++++ RECORDS FOR THIS TASK
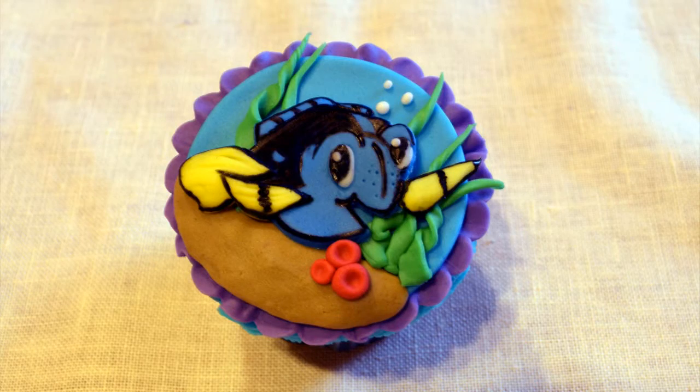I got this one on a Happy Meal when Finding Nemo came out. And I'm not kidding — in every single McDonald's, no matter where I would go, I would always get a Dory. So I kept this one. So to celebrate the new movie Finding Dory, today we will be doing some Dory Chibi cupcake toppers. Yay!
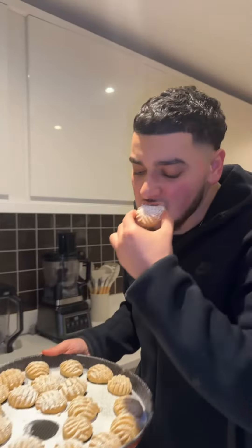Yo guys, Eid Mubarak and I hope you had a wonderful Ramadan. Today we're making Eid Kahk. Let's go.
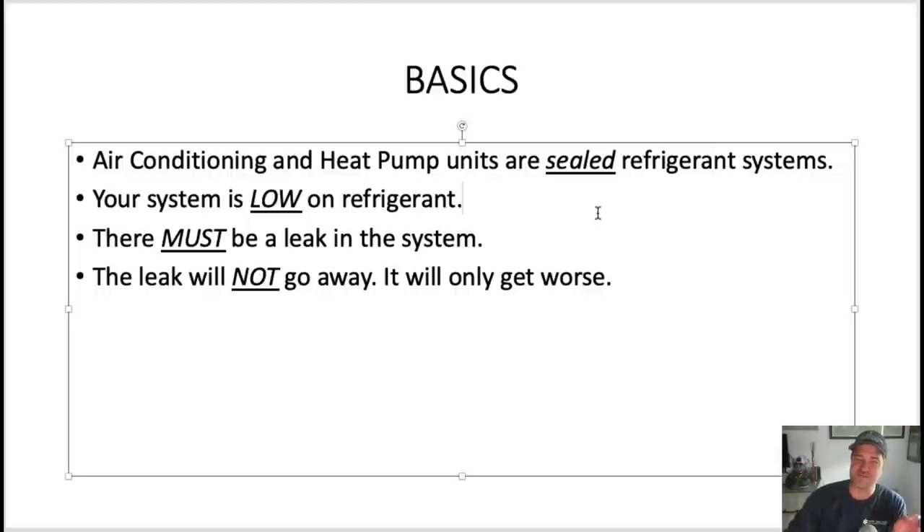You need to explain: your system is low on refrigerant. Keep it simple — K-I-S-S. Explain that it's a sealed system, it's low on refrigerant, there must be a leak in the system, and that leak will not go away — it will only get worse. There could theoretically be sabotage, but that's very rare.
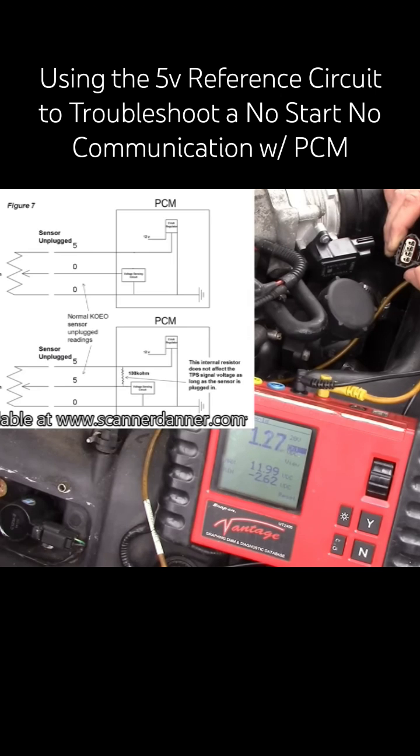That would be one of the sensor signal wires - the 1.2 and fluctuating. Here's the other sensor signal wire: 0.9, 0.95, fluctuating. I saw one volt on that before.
++++++++
++++ RECORDS FOR THIS TASK
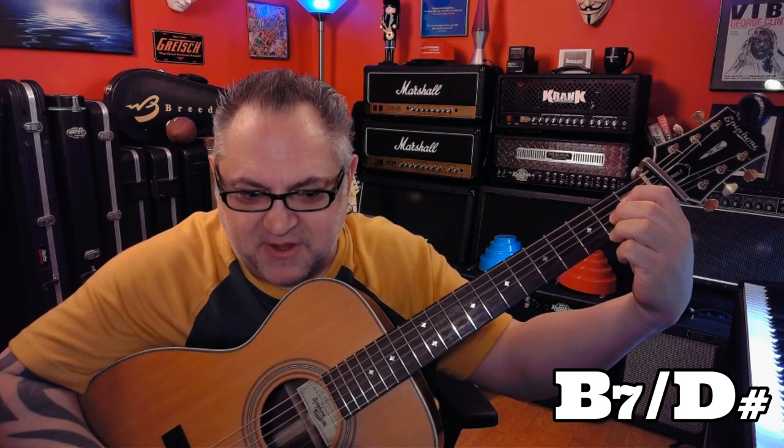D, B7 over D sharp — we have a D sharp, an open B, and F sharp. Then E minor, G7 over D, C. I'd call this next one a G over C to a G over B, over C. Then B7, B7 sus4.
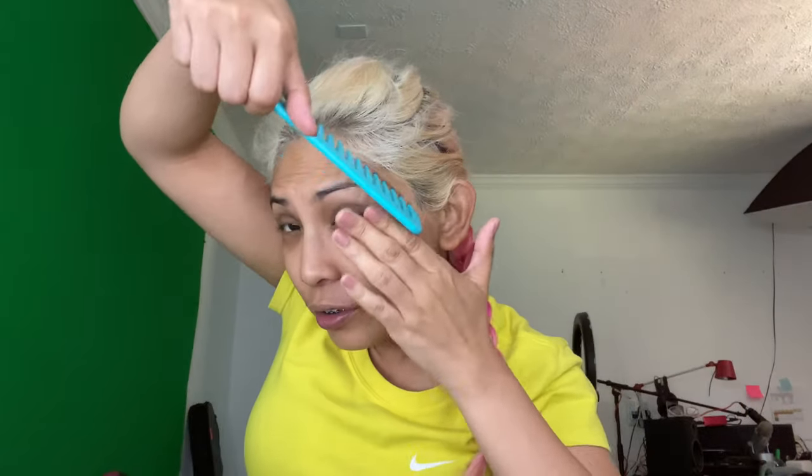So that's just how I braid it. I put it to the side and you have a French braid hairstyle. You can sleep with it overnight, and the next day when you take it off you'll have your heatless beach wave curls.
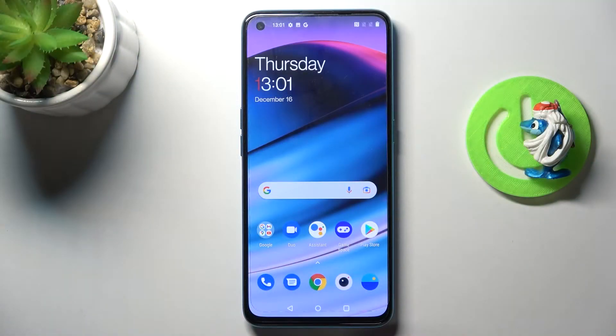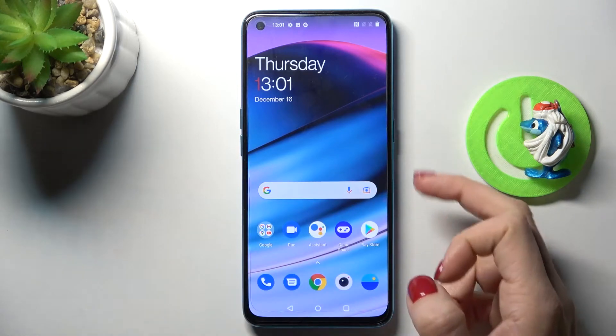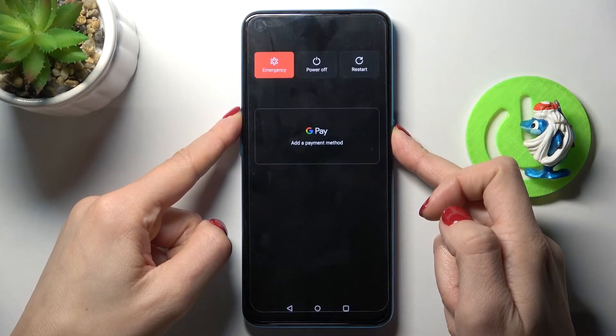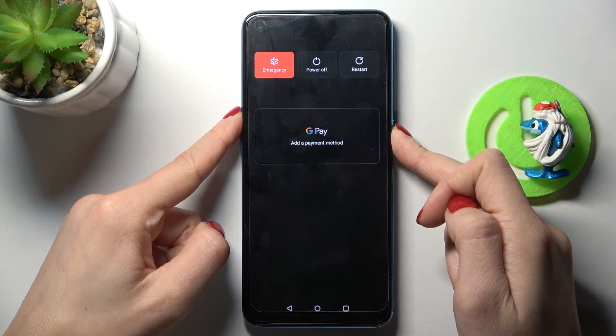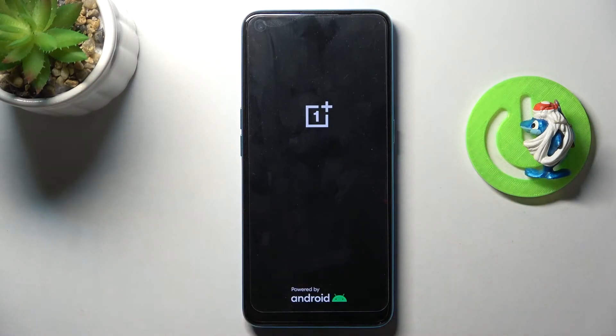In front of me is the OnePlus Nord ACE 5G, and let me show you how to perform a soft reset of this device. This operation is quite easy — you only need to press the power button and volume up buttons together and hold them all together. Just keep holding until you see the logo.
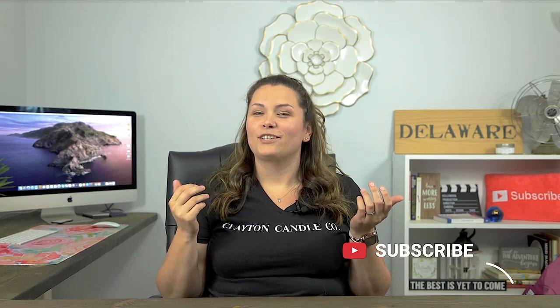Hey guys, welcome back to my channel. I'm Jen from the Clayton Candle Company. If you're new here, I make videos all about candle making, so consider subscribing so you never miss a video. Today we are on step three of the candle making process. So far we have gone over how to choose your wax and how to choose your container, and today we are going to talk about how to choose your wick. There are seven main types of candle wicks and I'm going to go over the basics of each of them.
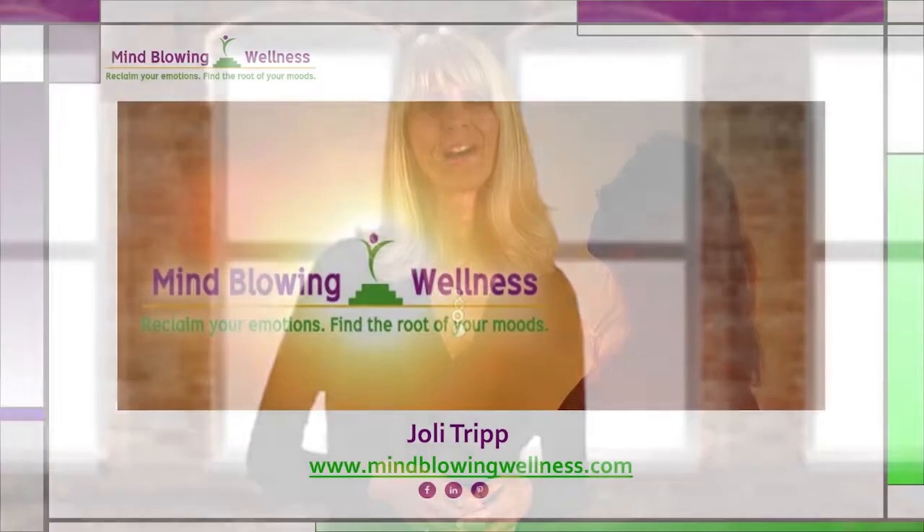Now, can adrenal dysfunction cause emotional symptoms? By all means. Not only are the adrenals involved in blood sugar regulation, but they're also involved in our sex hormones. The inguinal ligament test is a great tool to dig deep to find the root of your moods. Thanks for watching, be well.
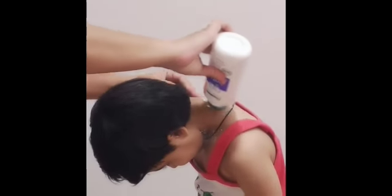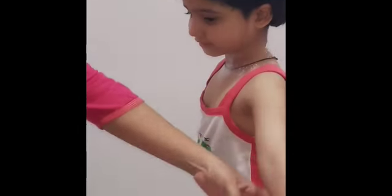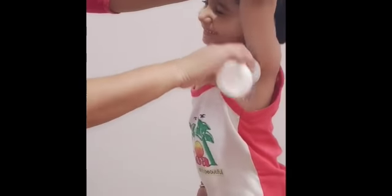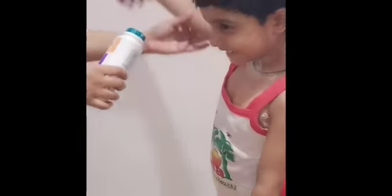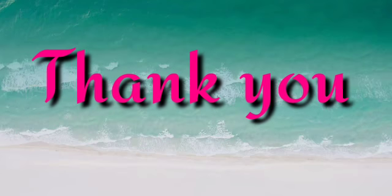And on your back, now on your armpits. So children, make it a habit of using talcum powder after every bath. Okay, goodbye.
++++++++
++++ RECORDS FOR THIS TASK
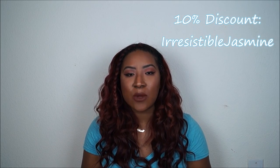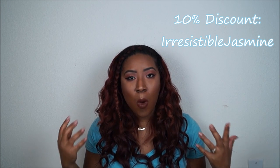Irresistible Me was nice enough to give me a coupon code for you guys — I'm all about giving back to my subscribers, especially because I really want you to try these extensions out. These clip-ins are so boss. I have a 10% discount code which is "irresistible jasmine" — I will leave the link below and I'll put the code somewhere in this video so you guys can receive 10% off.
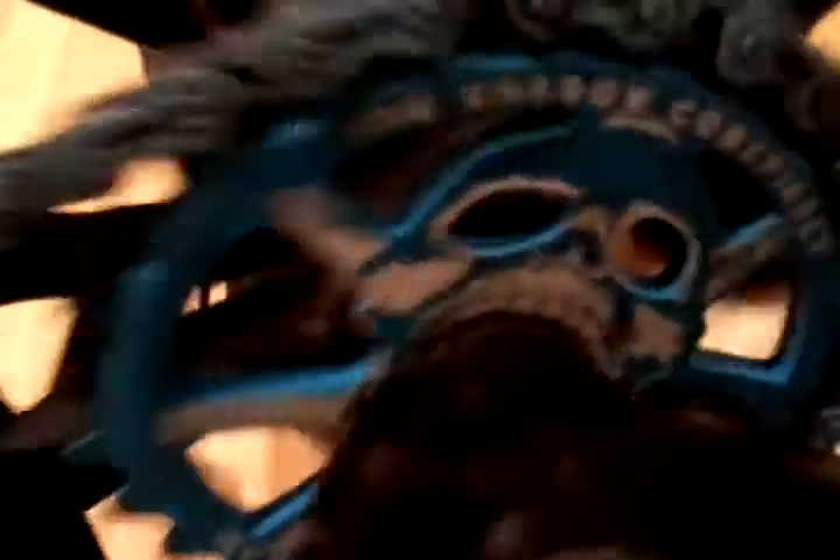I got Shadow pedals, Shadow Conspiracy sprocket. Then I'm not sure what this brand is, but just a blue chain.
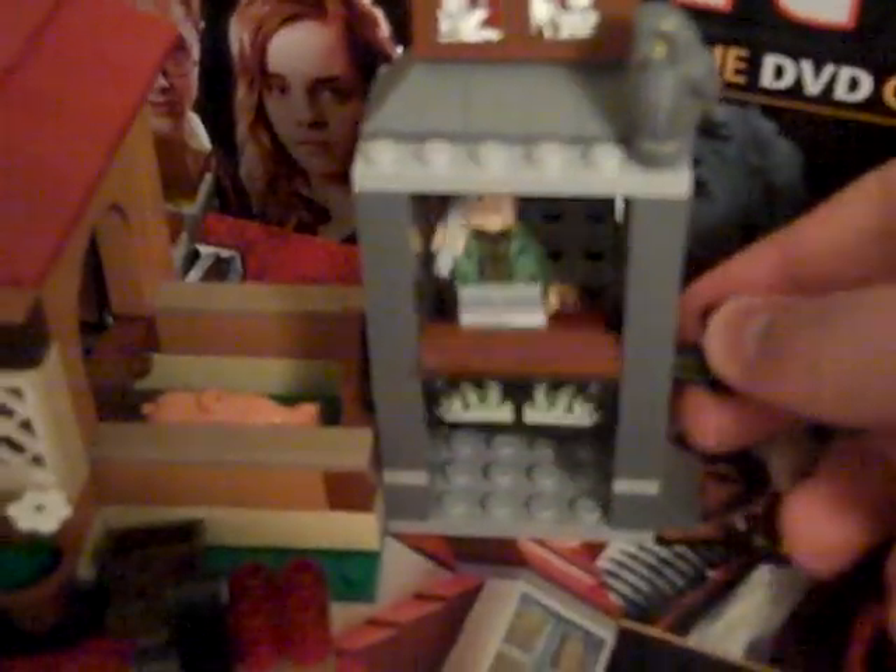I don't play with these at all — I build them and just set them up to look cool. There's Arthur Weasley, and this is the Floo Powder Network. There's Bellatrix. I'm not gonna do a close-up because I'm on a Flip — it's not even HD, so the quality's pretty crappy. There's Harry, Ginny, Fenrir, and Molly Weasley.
++++++++
### WHAT IS NEEDED
What you need to produce is an exact copy of the entries above, limited to the lines from the one with "I got Shadow" up to and including the one with "I don't play", without pictures.

### TASK ANSWER
I got Shadow pedals, Shadow Conspiracy sprocket. Then I'm not sure what this brand is, but just a blue chain.
I don't play with these at all — I build them and just set them up to look cool. There's Arthur Weasley, and this is the Floo Powder Network. There's Bellatrix. I'm not gonna do a close-up because I'm on a Flip — it's not even HD, so the quality's pretty crappy. There's Harry, Ginny, Fenrir, and Molly Weasley.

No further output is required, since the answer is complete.